A major UK travel agency closed for business last week, cancelling all future trips, including those to Malta, with immediate notice.
Balkan Holidays announced its imminent closure on 24th April (last week), announcing that all future holidays are cancelled with immediate effect and that clients can request full refunds for their trips in due time.
The company, which was launched nearly six decades ago, offered UK holidaymakers trips to Bulgaria, Croatia, Montenegro, Slovenia, Malta and Northern Cyprus.
At its peak it served some 130,000 clients a year. However, numbers recently dwindled to some 27,000 a year, according to UK media.
This closure aligns with recent trends where people are looking towards online bookings systems more than travel agencies to get their holidays sorted. In the UK, there were over 4,200 agency shops in March 2019, but that number fell to just 3,500 by June 2023, a drop of 18 percent in the last five years.

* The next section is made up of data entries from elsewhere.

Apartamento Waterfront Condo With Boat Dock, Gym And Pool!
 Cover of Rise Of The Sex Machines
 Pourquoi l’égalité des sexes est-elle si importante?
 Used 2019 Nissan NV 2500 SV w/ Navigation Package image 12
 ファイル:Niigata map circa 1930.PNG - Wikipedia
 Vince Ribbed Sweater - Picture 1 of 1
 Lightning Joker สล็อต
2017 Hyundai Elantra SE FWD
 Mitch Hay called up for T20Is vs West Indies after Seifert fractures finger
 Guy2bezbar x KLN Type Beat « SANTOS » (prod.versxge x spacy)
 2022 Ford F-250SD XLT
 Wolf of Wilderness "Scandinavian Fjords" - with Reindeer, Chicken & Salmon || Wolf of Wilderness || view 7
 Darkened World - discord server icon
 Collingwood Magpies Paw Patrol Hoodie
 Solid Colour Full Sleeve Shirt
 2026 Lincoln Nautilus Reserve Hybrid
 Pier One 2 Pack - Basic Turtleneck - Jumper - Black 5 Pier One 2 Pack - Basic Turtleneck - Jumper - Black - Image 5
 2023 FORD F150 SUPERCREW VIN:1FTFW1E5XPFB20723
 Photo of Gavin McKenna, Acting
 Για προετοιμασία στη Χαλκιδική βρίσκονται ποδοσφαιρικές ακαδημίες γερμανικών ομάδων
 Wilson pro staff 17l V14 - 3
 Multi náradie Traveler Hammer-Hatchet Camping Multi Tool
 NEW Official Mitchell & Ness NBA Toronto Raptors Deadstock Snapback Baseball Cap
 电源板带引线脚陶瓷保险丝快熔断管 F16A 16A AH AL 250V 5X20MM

The Balkan Holidays website listed several hotels as ‘popular summer resorts’, including Santana, IKYK, Paradise Bay Hotel and Soreda.
BusinessNow.mt reached out to these hotels to see if the travel agency’s closure would make them feel the pinch.
Santana, a hotel in Qawra, said while 60% of their bookings are still made through travel agencies – their occupancy rate is still looking excellent in the upcoming tourist-packed season.
“We’ve seen a huge increase in bookings this year, a lot of tourists are coming in, in summer and also winter. We are currently fully booked until June, and summer is already at 80 per cent occupancy,” a reservation agent at the hotel explained.
Santana, a four-star hotel, receives tourists from “Portugal all the way to Russia” and also a large number of UK tourists, and ones hailing from Asian countries like South Korea and the Phillipines.
“In the grand scheme of things, this hasn’t affected it much”.
That being said, online bookings are slowly taking over the more traditional route of using travel agents.
Last year, news that Europe’s third-largest tour operator, FTI Touristik, filed for insolvency leaving certain hotels with thousands of euro in dues from previous accommodation bills.
And while the closure of Balkan Holidays is still in early days, the pinch may be coming for those affected by its breakdown, as well as the downfall of other travel agencies.